(Excerpted records Opens)

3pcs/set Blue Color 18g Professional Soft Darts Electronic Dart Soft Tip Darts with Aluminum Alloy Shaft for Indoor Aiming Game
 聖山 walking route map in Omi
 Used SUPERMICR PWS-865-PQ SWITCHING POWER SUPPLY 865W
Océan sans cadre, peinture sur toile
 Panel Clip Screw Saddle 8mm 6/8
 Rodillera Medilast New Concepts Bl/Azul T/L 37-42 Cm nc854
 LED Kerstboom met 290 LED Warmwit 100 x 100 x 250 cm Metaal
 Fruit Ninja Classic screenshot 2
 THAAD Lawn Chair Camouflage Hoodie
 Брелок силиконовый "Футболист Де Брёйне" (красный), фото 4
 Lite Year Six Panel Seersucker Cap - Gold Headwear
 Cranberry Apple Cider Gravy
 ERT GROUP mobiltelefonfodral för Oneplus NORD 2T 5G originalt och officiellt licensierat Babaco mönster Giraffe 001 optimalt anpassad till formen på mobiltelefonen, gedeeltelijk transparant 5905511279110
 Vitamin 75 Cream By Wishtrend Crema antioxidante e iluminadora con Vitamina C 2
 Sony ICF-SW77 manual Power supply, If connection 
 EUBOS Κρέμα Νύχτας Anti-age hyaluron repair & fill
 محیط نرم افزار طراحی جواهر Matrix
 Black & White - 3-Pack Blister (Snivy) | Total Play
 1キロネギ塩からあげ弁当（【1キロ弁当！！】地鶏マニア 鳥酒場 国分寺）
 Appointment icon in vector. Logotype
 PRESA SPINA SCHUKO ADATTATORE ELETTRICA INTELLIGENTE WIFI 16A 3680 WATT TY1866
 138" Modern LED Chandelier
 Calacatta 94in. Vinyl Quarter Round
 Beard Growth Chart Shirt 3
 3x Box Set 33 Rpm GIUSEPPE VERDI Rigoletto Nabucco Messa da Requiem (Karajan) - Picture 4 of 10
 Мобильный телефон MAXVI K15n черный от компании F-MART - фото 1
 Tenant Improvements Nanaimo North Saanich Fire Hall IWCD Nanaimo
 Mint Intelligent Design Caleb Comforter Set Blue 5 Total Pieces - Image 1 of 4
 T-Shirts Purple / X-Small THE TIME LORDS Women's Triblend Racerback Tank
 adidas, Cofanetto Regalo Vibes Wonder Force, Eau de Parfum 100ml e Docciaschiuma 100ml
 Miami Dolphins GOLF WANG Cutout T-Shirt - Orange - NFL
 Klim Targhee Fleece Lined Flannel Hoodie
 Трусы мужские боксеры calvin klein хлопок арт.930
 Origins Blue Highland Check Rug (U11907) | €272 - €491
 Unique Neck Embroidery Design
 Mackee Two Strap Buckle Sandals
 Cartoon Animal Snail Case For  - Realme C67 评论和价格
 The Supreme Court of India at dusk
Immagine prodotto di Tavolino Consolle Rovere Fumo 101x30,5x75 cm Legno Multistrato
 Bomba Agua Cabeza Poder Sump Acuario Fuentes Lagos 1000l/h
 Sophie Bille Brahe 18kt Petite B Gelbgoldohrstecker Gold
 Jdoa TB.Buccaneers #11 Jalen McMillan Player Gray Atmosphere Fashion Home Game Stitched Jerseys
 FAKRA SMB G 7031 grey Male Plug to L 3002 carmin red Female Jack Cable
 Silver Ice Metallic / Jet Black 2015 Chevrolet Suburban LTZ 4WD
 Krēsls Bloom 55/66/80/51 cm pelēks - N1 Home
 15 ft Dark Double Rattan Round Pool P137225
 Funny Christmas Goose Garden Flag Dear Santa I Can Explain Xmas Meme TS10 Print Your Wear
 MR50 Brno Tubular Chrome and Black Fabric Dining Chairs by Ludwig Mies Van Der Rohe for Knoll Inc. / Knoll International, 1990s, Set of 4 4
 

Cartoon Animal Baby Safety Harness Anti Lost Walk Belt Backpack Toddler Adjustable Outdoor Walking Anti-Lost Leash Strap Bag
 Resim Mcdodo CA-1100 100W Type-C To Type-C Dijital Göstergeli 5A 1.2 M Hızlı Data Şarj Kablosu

(Excerpted records Closes)

Gather all lines from the listing above in which "Home" occurs.

(Solution for this problem)
 Jdoa TB.Buccaneers #11 Jalen McMillan Player Gray Atmosphere Fashion Home Game Stitched Jerseys
 Krēsls Bloom 55/66/80/51 cm pelēks - N1 Home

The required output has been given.